Letters

Seeing what you want to see in randomised controlled trials

BMJ 2000; 321 doi: https://doi.org/10.1136/bmj.321.7268.1078 (Published 28 October 2000) Cite this as: BMJ 2000;321:1078

Authors' choice of study was ill informed

  1. Rury Holman, UKPDS principal investigator. (rury.holman@dtu.ox.ac.uk)
  1. Diabetes Trials Unit University of Oxford, Oxford OX2 6HE
  2. Department of General Practice and Community Medicine, University of Oslo, Box 1130 Blindern, N-0318 Oslo, Norway
  3. Faculty of Pharmaceutical Sciences, University of British Columbia, Vancouver, Canada V6T 1W5
  4. Department of Primary Care and Population Sciences, Royal Free and University College Medical School, London N19 3UA

    EDITOR—McCormack and Greenhalgh's suggestion that those involved in running and reporting clinical trials might be able to engineer a worldwide “groupthink” spin on the results is an intriguing notion.1 But their choice of the United Kingdom prospective diabetes study (UKPDS) as an example to support their hypothesis is ill informed given the manner in which this study was reported.

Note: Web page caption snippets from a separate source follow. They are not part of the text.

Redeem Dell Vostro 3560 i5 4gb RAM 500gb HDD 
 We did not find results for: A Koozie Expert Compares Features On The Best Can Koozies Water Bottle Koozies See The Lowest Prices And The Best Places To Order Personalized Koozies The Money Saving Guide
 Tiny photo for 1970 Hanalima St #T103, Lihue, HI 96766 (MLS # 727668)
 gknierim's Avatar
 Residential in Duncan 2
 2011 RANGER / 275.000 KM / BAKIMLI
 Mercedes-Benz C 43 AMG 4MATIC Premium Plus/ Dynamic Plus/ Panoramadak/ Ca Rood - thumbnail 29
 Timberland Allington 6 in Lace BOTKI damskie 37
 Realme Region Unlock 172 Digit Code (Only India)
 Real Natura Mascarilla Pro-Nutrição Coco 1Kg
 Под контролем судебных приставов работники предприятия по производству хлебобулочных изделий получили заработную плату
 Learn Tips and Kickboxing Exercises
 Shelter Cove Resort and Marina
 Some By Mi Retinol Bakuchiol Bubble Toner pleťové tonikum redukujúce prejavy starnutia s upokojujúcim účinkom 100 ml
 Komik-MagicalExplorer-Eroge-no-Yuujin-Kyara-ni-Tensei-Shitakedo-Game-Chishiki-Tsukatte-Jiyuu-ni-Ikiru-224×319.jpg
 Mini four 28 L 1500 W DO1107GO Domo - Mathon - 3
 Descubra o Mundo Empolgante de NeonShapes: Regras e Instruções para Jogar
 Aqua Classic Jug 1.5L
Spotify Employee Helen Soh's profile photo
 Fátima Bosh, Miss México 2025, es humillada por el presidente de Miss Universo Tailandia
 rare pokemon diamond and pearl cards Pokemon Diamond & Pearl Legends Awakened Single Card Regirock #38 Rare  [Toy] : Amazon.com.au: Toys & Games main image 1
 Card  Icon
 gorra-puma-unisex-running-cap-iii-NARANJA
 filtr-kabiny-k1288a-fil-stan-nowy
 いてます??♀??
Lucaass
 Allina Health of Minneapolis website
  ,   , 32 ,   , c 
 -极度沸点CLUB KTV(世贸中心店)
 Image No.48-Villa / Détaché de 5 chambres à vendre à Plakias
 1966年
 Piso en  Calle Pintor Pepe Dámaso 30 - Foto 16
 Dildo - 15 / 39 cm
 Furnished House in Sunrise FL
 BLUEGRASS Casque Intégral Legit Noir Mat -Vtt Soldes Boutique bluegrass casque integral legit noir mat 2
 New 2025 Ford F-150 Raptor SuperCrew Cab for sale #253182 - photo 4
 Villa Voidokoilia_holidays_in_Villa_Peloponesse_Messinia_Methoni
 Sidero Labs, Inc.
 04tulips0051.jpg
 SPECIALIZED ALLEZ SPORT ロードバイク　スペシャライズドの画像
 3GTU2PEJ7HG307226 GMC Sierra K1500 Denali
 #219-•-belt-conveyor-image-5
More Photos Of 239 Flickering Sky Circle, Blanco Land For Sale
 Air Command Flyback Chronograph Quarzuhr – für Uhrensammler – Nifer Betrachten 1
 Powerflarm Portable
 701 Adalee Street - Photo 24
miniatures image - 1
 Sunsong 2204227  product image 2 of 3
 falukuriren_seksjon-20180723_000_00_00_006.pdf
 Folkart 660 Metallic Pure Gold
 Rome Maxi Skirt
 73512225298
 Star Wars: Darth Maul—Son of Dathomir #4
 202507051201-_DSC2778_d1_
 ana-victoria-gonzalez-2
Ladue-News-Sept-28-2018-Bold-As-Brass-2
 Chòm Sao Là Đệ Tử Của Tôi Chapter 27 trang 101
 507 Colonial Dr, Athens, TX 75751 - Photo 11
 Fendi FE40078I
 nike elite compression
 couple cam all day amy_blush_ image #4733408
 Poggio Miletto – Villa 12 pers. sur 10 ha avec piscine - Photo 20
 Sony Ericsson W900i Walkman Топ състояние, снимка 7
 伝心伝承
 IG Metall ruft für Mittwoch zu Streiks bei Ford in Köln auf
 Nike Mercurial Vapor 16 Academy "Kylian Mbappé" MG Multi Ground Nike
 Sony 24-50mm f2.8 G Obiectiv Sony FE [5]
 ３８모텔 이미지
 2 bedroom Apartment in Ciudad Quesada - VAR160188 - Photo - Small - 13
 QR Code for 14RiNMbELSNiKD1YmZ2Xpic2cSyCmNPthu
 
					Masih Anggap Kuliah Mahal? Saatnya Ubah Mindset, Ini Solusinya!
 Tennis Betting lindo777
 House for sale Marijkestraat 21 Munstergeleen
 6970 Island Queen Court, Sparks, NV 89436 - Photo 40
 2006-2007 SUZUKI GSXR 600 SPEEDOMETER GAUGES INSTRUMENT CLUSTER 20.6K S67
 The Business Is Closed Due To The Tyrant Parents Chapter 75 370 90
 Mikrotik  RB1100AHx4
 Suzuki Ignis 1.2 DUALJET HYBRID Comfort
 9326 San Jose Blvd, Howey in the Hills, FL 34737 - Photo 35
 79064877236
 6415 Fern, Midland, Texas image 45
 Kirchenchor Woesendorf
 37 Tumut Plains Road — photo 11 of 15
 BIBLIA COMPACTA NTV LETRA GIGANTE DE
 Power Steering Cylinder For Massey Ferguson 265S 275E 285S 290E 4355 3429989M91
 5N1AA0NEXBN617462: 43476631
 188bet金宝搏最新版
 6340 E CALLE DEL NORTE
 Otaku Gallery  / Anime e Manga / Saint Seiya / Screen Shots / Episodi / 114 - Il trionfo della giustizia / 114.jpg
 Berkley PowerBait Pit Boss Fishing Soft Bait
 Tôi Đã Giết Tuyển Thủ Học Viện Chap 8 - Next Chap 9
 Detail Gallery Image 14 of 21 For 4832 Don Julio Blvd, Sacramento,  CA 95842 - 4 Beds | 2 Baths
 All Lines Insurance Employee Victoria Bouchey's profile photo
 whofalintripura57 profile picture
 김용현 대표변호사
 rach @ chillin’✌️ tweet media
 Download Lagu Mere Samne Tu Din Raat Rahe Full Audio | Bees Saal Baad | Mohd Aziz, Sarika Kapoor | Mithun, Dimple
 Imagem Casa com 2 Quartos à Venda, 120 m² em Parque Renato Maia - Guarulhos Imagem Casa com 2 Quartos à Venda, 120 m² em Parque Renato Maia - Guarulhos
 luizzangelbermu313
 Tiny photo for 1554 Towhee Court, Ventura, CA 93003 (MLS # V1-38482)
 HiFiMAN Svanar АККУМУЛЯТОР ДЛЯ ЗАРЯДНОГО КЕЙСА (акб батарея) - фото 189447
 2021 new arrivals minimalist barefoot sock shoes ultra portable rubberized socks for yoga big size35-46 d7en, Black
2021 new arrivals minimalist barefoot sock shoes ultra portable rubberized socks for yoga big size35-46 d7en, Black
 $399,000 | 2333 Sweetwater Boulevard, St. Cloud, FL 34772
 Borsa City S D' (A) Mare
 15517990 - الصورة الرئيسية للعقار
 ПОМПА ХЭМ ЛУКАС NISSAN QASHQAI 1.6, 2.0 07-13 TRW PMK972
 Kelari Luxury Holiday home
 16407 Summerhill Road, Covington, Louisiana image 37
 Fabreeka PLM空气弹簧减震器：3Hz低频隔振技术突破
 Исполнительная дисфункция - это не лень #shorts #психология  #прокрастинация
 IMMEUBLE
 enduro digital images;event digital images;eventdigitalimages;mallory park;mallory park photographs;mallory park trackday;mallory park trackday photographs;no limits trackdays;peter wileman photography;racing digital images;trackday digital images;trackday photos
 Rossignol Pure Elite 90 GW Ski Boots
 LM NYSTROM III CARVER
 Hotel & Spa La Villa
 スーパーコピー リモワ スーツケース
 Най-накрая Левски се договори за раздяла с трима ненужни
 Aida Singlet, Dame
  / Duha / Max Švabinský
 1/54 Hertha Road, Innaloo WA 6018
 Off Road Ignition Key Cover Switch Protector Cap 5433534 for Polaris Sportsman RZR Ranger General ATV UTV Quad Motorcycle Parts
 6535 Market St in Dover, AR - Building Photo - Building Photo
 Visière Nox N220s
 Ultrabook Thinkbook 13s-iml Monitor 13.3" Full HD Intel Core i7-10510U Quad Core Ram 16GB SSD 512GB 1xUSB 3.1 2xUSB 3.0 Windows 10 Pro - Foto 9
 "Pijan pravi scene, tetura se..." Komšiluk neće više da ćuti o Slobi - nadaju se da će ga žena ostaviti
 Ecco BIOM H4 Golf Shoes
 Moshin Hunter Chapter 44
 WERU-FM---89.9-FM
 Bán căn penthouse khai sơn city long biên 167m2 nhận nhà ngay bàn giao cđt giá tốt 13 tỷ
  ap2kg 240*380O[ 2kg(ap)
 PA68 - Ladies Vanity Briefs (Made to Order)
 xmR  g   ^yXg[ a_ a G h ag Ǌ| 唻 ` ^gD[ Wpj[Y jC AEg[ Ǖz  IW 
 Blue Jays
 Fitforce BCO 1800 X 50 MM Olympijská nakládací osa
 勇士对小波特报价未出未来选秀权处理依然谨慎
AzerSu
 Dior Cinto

    We note with interest Greenhalgh's earlier commentary on an article by Horton concerning the “spin that authors place on their own work.”2 In this, she highlighted the “unjustified assumption that this spin is necessarily evil, insidious, and the last remaining bastion of caprice in the otherwise objective terrain of scientific publication,” and she challenged Horton to “produce a single, clinically important instance of scientific heads being turned by rhetoric and rhetoric alone.”

    There was a complete embargo on all outcome data from the United Kingdom prospective diabetes study before their presentation at a meeting of the European Association for the Study of Diabetes on 12 September 1998. To avoid the usual scenario whereby conference reports are given wide publicity before peer reviewed manuscripts are available, the UKPDS Group worked closely with the editors of the Lancet and the BMJ to ensure that as many of the primary results as possible were published in five peer reviewed papers on the same day as our conference presentation. In addition, 100 slides illustrating the published data were made available on our website at midnight that day (www.dtu.ox.ac.uk/ukpds/).